London: Treesome and 3×3

Copyright The New Art Projects London
Painters Sadie Lee, Roxana Halls and Sarah Jane Moon

Threesome and 3×3

Opening: January 10, 2018, 18:30 – 21:00
at New Art Projects London, 6D Sheep Lane, E8 4QS London, United Kingdom

Threesome

A collaborative exhibition by three women painters, in association with critic and invited curator Anna McNay, exploring the female gaze.

Sadie Lee, Roxana Halls, Sarah Jane Moon

Sadie Lee, Roxana Halls and Sarah Jane Moon are figurative artists, each with a distinctive and unique style, whose queer identities inform much of their work. These painters engage with the theme of sexuality in singular and compelling ways and offer arresting interpretations of the ‘female gaze’.
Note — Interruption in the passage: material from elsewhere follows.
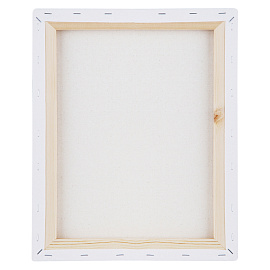 Холст на подрамнике Студия 40x50 см 100% хлопок фото Холст на подрамнике Студия 40x50 см 100% хлопок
For this show they will, for the first time, paint portraits of one another, alongside a new self-portrait. In addition to these three works by each artist, they will each paint a fourth work, a portrait of Ursula Martinez.

Differing notions of queer identity are explored here and this group invites aesthetic as well as ideological scrutiny. These gay women make bold, alluring, witty and deft works, which seek to foreground the idea of the female gaze and explore how they look at each other and themselves. The show’s title, ‘Threesome’, makes a coolly sardonic reference to the voyeuristic aspect of lesbian representation: any eroticism in these works is strictly intentional.

This exhibition follows on from the ground-breaking exhibition of Queer British Art held between April and October 2017 at Tate Britain. The cut-off date for inclusion in that show was 1967, this exhibition seeks to look at the female gaze now in 2017-18 and to address how these histories thrive in the contemporary art of today.

3×3

3×3 features works by: Emli Bendixen – Imogen Crew – Lisa Gornick – Liz HelmanRachael House – Marta Kochanek – Bronac McNeill – The Naked Artist Suzie Pindar – Sarah Pucill

Running in tandem to Threesome, 3×3 showcases photographic self-portraits by nine queer female artists, whose work, to varying degrees, and consciously or not, interrogates the notion of the female gaze and self-identity. By concentrating solely on their own image, the artists seek to untangle, distinguish, and, in some instances, deliberately re-confuse their own subjectivity and objecthood. This is further teased out through a series of nine questions, posed by critic and curator Anna McNay, and responded to by each artist in turn. These highlight the broad and varied spectrum of considerations at play when, in a world unavoidably influenced by the history of the patriarchal male heterosexual gaze, a woman who likes women turns her gaze upon a woman to produce an image.